Solved – Why the first moment is standardized before computing higher moments, but higher moments are not

moments

Wikipedia says:

For the second and higher moments, the central moments (moments about the mean, with c being the mean) are usually used rather than the moments about zero, because they provide clearer information about the distribution's shape.

Could someone explain/convince me why this is true? Why is there a discrepancy?
This has always bugged me and I have never seen a good explanation for it — I just don't quite understand why/how standardization provides "clear" information in one case but not in another.

For example:

  1. To compute the skewness, why not standardize both the mean and the variance?
  2. To compute the kurtosis, why not standardize the mean, the variance, and the skewness?
  3. To compute the nth moment, why not first standardize all the mth moments for m < n?
    If standardization is useful then why only do this for m = 1?

Best Answer

Since the question was updated, I update my answer:

The first part (To compute the skewness, why not standardize both the mean and the variance?) is easy: That is precisely how it's done! See the definitions of skewness and kurtosis in wiki.

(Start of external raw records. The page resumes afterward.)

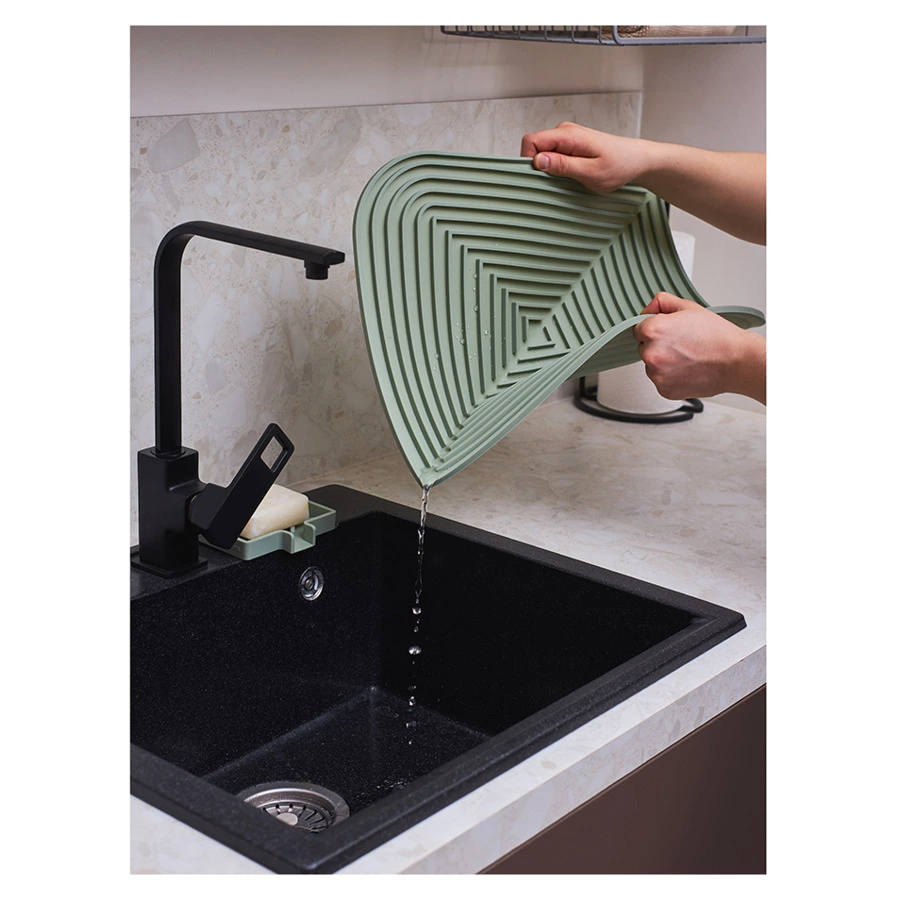 Коврик для сушки посуды Smart Solutions Dry Flex, 34,6х44,6 см, шалфей, силикон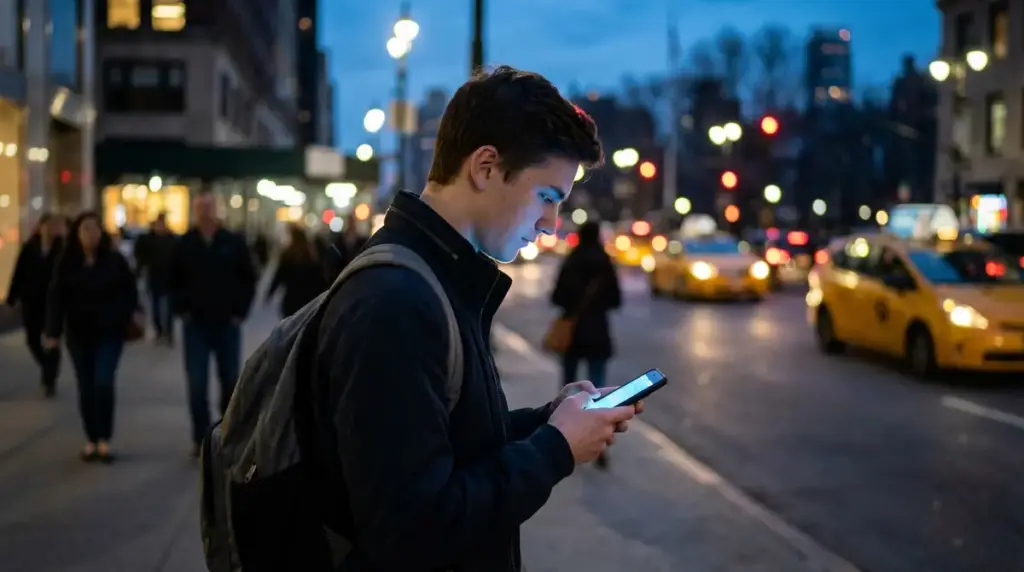 Person using smartphone on city street representing local discovery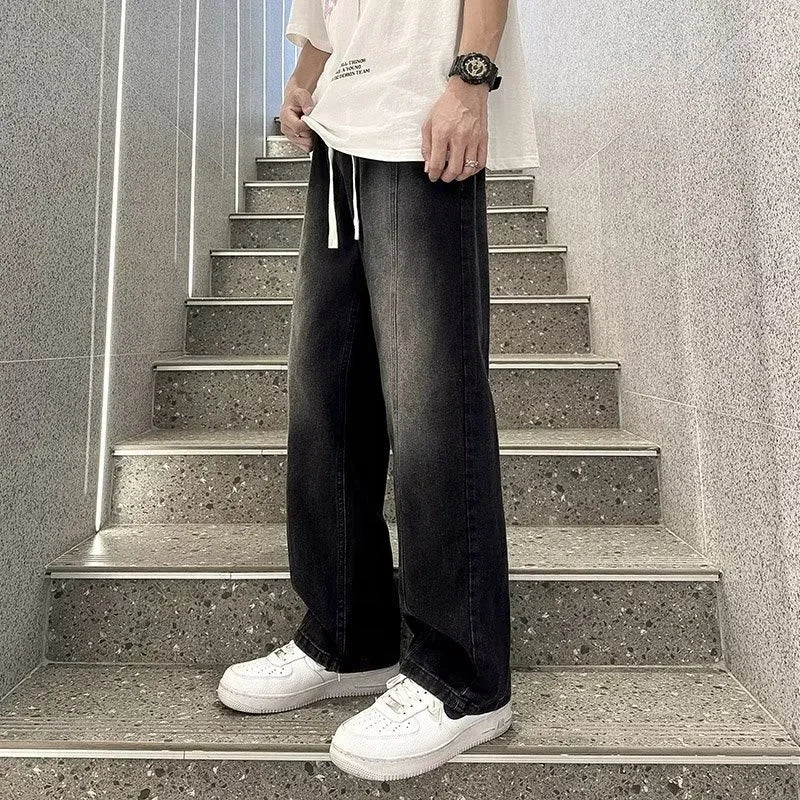 Men Classic Drawstring Korean Fashion Baggy Jeans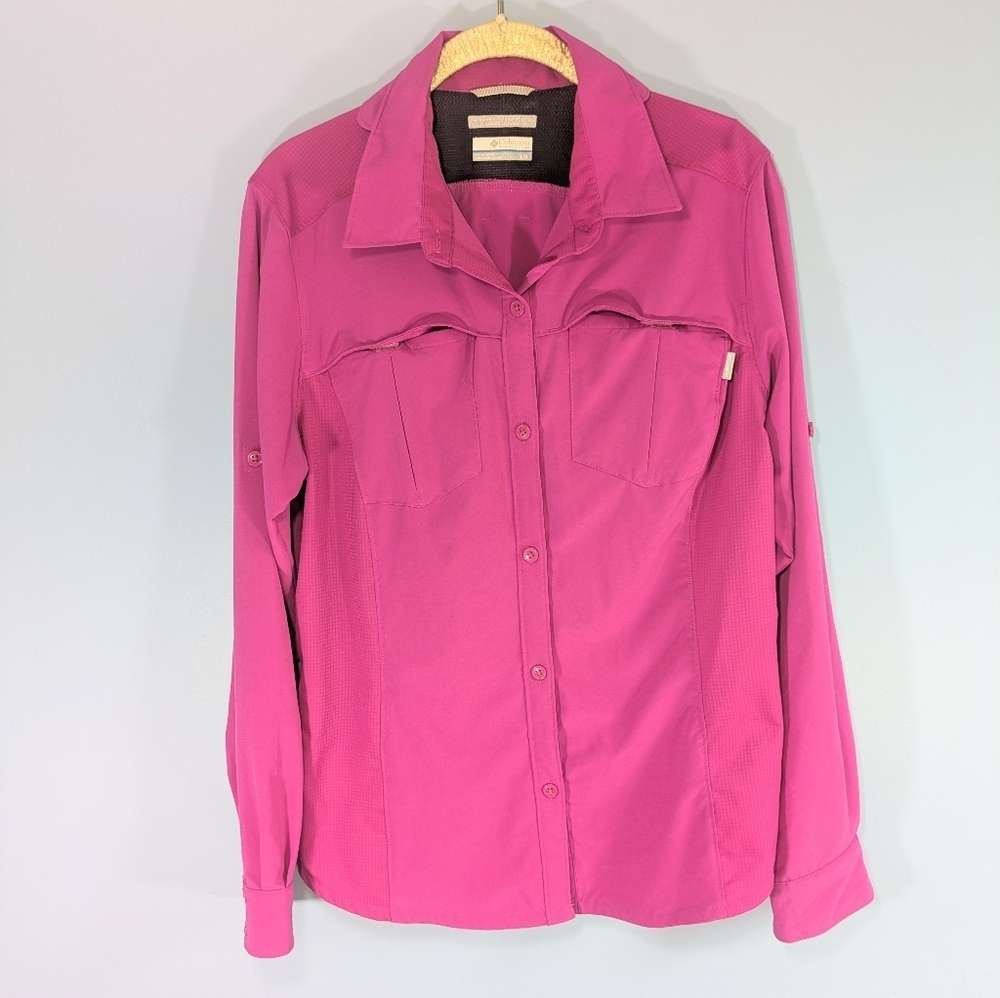 Columbia OmniShade Fucshia Button Down Sun Shirt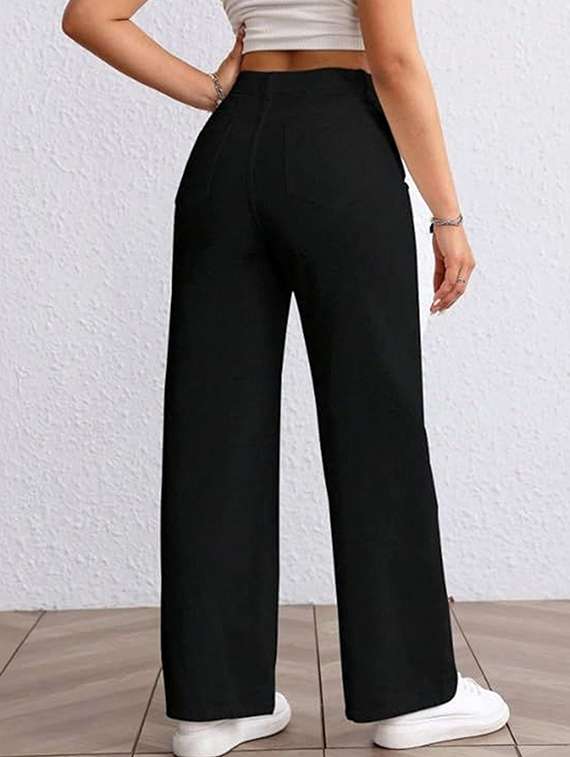 women solid high rise straight jeans - 22376246 -  Standard Image - 3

The second part is both easy and hard. On one hand we could say that it is impossible to normalize random variable to satisfy three moment conditions, as linear transformation $X \to aX + b$ allows only for two. But on the other hand, why should we limit ourselves to linear transformations? Sure, shift and scale are by far the most prominent (maybe because they are sufficient most of the time, say for limit theorems), but what about higher order polynomials or taking logs, or convolving with itself? In fact, isn't it what Box-Cox transform is all about -- removing skew?

But in the case of more complicated transformations, I think, the context and the transformation itself becomes important, so maybe that is why there are no more "moments with names". That does not mean that r.v.s are not transformed and that the moments are not calculated, on the contrary. You just chose your transformation, calculate what you need and move on.


The old answer about why centralized moments represent shape better than raw:

The keyword is shape. As whuber suggested, by shape we want consider the properties of the distribution that are invariant to translation and scaling. That is, when you consider variable $X + c$ instead of $X$, you get the same distribution function (just shifted to the right or left), so we would like to say that its shape stayed the same.

The raw moments do change when you translate the variable, so they reflect not only the shape, but also a location. In fact, you can take any random variable, and shift it $X \to X + c$ appropriately to get any value for its, say, raw third moment.

The same observation holds for all odd moments and to lesser extent for even moments (they are bounded from below and lower bound does depend on shape).

The centralized moment, on the other hand, does not change when you translate the variable, so that's why they are more descriptive of the shape. For example, if your even centralized moment is large, you known that random variable has some mass not too close to mean. Or if your odd moment is zero, you known that your random variable has some symmetry around mean.

The same argument extends to scale, which is transformation $X\to cX$. The usual normalization in this case is division by standard deviation, and the corresponding moments are called normalized moments, at least by wikipedia.